Oxygen Vacancies‐Rich TiO2/C Nanofibers with Boron, Nitrogen Dual‐Doping for Ultrafast Sodium Storage

Abstract

AbstractTiO2 is an intercalation pseudocapacitive material with low potential and minor structural changes during the sodium storage process. However, the intrinsic electronic conductivity and ionic diffusion kinetics are not unsatisfactory for ultrafast sodium storage. Defect engineering plays a pivotal part in improving the sodium storage kinetics of TiO2 anode materials. Now the common defect regulation methods are complicated.
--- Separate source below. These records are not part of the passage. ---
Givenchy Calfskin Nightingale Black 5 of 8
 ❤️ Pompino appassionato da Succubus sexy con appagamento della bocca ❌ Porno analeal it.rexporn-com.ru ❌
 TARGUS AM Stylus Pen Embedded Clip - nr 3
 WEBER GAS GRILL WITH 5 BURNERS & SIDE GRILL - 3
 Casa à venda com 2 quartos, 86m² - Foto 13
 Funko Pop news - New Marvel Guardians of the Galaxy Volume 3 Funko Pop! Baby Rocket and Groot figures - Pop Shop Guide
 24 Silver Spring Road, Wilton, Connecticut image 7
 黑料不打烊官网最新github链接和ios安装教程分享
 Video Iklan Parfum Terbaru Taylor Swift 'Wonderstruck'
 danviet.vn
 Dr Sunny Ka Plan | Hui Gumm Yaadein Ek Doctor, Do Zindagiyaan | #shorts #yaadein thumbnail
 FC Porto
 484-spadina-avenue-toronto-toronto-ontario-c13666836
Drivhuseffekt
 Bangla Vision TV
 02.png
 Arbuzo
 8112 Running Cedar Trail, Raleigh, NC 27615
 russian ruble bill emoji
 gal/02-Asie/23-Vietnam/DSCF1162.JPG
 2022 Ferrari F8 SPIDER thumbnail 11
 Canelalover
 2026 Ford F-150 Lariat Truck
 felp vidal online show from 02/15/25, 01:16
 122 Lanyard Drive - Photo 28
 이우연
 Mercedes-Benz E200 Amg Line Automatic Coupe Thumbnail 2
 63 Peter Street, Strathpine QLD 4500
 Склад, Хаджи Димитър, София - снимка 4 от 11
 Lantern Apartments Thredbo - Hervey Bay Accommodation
Herein, a simple NaBH4 reduction method is proposed to produce rich oxygen vacancies and boron doping in nitrogen‐doped TiO2/C mesoporous nanofibers, and the finally obtained oxygen vacancies (OVs)‐rich TiO2/C nanofibers (TC‐OVs) also build internal vertical channels. This particular structure of TC‐OVs favors fast transport for electrons and ions, resulting in ultrafast rate capability (156 mAh g−1, 2 A g−1) and long lifespan (139 mAh g−1, 1000 cycles, 1.0 A g−1). The inspiring sodium storage performance of TC‐OVs benefits from the high pseudocapacitance contribution (94%, 5.0 mV s−1). This work provides a method to adjust defects and structures of TiO2 electrode materials for ultrafast chemical energy storage.